Санин, оставивший рассаживающихся гостей, вполголоса произнес с порога:
– Но это ведь тебя, Лидуся. Кто-то из той жизни…
Гости разошлись довольно рано – то ли неожиданная зима напугала, то ли непривычной оказалась какая-то грустная задумчивость, не свойственная на людях хозяйке дома. Санин, проводивший последнюю пару на улицу и вернувшийся с мороза в теплую прихожую, слышал, как жена в зале расспрашивала Полин о незнакомце: как тот выглядел, сколько лет. Горничная ответила, что особенно не присматривалась. Обе не слышали, как Санин вошел и разделся, стряхнув со шляпы сухой снег.
Их парижская квартира количеством и расположением комнат немного напоминала последнюю московскую, на четвертом этаже шестиэтажного дома, на углу Арбата и Староконюшенного переулка, построенного в 1909 году.
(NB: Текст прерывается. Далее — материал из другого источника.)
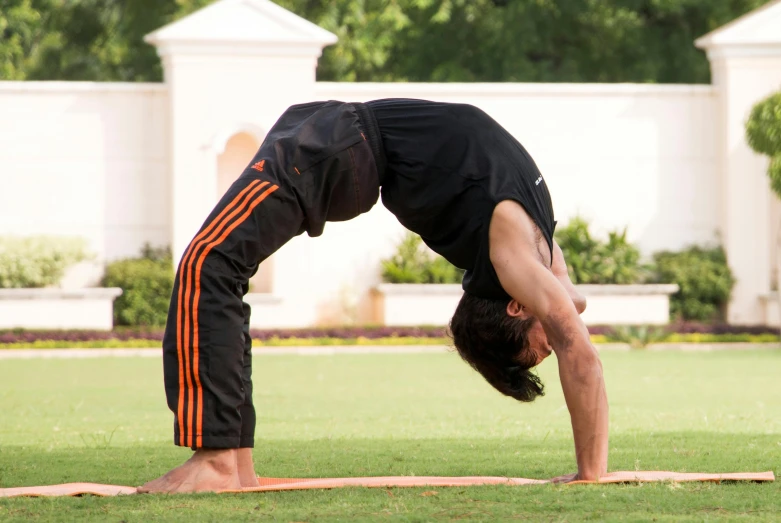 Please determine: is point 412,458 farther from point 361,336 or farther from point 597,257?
point 597,257

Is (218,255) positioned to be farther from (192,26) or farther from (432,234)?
(192,26)

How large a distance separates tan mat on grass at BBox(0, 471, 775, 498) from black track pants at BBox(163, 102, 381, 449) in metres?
0.27

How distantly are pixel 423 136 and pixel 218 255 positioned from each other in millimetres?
802

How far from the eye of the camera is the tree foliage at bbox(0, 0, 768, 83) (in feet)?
77.9

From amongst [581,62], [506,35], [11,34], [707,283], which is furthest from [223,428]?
[11,34]

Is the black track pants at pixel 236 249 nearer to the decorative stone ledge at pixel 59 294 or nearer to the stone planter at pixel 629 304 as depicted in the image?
the decorative stone ledge at pixel 59 294

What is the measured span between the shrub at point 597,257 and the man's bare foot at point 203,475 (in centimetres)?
1393

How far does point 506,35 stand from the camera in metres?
23.5

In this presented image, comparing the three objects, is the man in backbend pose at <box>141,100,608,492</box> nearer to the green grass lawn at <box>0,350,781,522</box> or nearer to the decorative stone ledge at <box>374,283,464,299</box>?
the green grass lawn at <box>0,350,781,522</box>

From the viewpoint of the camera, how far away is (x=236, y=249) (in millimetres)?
3957

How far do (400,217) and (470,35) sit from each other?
21.3 metres

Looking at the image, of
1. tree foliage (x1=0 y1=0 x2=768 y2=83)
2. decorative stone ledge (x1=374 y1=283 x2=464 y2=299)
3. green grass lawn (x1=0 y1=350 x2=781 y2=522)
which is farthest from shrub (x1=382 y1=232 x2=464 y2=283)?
tree foliage (x1=0 y1=0 x2=768 y2=83)

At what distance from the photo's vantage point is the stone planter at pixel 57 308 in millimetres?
16438

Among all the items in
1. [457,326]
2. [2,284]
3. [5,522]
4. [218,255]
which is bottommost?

Их дом номер 17 в Париже был лишь на четыре года старше. Открываешь массивную зеленую дверь с позолоченными ручками – и попадаешь в небольшой вестибюль, из которого наверх, на их этаж ведет нарядная деревянная лестница, покрытая тяжелым красным ковром. Здесь и без буржуек в любую погоду было тепло и уютно – с чем-чем, а с углем Париж недостатка не испытывал. И с дворниками, которые регулярно подметали улицы, а зимой расчищали снег.